## EXERCISE
From the records below, transcribe only the lines running from the one with "Scripture Adorned With Festive Botanicals" through the one with "Watercolor painting illustration". Keep both of those end lines.

Dataset items
[Start of Attachment]

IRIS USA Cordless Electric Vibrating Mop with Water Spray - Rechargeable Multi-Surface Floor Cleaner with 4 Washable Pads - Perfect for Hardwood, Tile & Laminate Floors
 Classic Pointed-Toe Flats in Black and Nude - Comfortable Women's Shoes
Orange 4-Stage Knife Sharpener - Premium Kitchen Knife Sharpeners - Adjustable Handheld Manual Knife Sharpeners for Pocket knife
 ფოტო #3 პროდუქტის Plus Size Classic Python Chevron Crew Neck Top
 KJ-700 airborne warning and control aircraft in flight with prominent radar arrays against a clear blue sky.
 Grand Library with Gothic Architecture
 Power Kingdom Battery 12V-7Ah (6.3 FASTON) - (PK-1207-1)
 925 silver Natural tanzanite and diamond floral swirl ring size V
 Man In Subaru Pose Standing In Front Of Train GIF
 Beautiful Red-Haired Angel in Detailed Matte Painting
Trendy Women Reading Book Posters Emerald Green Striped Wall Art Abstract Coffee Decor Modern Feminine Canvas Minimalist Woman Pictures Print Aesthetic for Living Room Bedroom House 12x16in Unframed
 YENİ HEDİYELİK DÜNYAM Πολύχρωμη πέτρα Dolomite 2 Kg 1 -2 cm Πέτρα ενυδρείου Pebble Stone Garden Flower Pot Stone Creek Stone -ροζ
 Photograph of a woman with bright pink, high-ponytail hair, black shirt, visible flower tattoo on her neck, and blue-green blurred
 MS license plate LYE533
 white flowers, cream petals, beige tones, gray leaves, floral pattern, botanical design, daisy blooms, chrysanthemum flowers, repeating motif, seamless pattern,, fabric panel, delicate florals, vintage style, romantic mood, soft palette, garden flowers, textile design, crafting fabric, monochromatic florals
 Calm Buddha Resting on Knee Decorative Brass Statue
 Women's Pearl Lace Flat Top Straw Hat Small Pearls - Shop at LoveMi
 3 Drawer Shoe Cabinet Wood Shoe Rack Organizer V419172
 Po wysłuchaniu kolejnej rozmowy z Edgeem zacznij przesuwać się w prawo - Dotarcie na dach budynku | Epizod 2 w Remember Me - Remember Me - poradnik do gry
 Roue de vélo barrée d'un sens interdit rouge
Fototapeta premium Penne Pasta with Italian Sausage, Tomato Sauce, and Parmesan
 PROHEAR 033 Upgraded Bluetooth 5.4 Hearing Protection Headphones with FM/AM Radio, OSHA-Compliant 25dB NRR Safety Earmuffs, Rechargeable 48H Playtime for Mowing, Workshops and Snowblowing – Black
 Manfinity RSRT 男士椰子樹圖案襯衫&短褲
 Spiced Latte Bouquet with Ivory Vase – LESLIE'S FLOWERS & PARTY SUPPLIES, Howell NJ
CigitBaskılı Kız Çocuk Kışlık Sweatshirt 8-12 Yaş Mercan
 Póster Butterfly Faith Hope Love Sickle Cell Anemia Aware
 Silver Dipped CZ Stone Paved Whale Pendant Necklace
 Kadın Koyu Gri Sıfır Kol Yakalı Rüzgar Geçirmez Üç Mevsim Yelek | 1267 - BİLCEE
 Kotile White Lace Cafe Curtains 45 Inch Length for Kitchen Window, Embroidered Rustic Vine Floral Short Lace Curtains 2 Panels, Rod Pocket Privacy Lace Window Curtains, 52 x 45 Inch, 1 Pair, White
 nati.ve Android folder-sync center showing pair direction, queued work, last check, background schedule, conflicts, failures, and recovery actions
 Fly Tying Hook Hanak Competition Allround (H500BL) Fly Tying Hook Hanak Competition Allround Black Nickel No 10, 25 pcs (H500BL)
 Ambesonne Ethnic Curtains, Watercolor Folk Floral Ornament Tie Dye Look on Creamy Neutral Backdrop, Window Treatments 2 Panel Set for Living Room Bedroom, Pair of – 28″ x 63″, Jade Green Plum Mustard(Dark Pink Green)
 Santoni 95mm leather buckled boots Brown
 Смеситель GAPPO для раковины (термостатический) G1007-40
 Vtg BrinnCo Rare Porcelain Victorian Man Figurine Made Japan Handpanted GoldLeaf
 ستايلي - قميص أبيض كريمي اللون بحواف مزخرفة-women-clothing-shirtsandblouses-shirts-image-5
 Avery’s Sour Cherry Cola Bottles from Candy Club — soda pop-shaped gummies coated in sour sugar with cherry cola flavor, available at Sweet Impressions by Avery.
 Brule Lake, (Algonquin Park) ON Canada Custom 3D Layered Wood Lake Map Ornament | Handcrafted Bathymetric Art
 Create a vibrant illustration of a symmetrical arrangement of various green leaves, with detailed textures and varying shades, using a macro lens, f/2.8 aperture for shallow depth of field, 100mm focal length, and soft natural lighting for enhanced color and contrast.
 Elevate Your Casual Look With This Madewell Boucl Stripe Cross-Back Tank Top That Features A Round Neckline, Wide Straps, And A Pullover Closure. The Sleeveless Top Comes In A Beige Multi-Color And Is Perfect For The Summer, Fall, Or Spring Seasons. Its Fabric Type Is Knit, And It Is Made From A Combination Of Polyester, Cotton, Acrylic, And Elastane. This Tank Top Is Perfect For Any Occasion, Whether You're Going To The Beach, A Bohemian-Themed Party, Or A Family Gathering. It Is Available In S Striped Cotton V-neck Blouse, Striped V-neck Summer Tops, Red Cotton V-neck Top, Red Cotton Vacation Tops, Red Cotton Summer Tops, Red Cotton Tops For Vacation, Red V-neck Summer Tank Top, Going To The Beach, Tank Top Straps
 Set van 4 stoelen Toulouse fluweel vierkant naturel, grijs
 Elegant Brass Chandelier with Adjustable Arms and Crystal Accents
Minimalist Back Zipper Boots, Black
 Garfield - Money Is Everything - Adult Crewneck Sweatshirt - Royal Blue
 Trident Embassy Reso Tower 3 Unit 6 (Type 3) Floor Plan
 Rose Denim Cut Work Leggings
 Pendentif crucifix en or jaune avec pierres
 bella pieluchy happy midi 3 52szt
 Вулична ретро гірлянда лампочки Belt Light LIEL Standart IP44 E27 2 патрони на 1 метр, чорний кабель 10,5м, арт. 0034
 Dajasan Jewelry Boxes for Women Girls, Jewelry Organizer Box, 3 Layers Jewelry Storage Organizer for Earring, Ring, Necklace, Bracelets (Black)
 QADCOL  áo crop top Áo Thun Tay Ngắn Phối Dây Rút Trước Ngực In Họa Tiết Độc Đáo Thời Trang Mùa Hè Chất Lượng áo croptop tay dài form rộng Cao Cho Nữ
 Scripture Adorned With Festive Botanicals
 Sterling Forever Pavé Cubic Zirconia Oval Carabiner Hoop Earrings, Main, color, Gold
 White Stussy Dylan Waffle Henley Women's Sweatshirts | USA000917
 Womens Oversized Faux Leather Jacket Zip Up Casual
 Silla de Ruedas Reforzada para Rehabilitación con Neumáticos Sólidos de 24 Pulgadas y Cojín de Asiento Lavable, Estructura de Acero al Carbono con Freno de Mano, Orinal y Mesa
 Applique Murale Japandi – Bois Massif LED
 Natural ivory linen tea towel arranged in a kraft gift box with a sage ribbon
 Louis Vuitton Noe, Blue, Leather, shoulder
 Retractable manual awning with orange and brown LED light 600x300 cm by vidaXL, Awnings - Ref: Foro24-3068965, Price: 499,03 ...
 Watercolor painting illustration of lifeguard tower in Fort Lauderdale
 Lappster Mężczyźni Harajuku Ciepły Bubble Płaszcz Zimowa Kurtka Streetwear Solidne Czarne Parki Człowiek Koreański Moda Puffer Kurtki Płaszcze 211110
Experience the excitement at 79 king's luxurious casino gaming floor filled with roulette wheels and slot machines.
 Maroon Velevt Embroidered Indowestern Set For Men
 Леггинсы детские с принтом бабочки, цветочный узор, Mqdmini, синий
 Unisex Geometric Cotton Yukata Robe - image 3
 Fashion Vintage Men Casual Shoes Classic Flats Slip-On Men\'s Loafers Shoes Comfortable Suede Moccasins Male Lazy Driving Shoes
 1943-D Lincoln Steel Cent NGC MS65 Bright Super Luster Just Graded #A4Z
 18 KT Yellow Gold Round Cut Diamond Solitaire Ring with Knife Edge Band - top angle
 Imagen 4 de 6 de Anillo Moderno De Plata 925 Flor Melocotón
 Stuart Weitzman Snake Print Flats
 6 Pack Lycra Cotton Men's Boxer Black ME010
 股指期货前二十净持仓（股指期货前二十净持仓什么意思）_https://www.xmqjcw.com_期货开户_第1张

[End of Attachment]

## RESPONSE TO THE EXERCISE
 Scripture Adorned With Festive Botanicals
 Sterling Forever Pavé Cubic Zirconia Oval Carabiner Hoop Earrings, Main, color, Gold
 White Stussy Dylan Waffle Henley Women's Sweatshirts | USA000917
 Womens Oversized Faux Leather Jacket Zip Up Casual
 Silla de Ruedas Reforzada para Rehabilitación con Neumáticos Sólidos de 24 Pulgadas y Cojín de Asiento Lavable, Estructura de Acero al Carbono con Freno de Mano, Orinal y Mesa
 Applique Murale Japandi – Bois Massif LED
 Natural ivory linen tea towel arranged in a kraft gift box with a sage ribbon
 Louis Vuitton Noe, Blue, Leather, shoulder
 Retractable manual awning with orange and brown LED light 600x300 cm by vidaXL, Awnings - Ref: Foro24-3068965, Price: 499,03 ...
 Watercolor painting illustration of lifeguard tower in Fort Lauderdale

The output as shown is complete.